▸ Required action
Print all the entries verbatim.

▸ Data for the task
= Beginning of Section =
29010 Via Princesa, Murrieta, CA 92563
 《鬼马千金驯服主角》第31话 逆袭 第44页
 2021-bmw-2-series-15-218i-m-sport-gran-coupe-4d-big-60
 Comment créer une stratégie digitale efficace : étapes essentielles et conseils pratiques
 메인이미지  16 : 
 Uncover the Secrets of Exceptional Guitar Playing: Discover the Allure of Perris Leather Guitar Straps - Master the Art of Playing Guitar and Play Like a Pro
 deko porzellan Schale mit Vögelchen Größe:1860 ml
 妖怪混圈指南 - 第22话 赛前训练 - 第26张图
= End of Section =
▸ Task response
29010 Via Princesa, Murrieta, CA 92563
 《鬼马千金驯服主角》第31话 逆袭 第44页
 2021-bmw-2-series-15-218i-m-sport-gran-coupe-4d-big-60
 Comment créer une stratégie digitale efficace : étapes essentielles et conseils pratiques
 메인이미지  16 : 
 Uncover the Secrets of Exceptional Guitar Playing: Discover the Allure of Perris Leather Guitar Straps - Master the Art of Playing Guitar and Play Like a Pro
 deko porzellan Schale mit Vögelchen Größe:1860 ml
 妖怪混圈指南 - 第22话 赛前训练 - 第26张图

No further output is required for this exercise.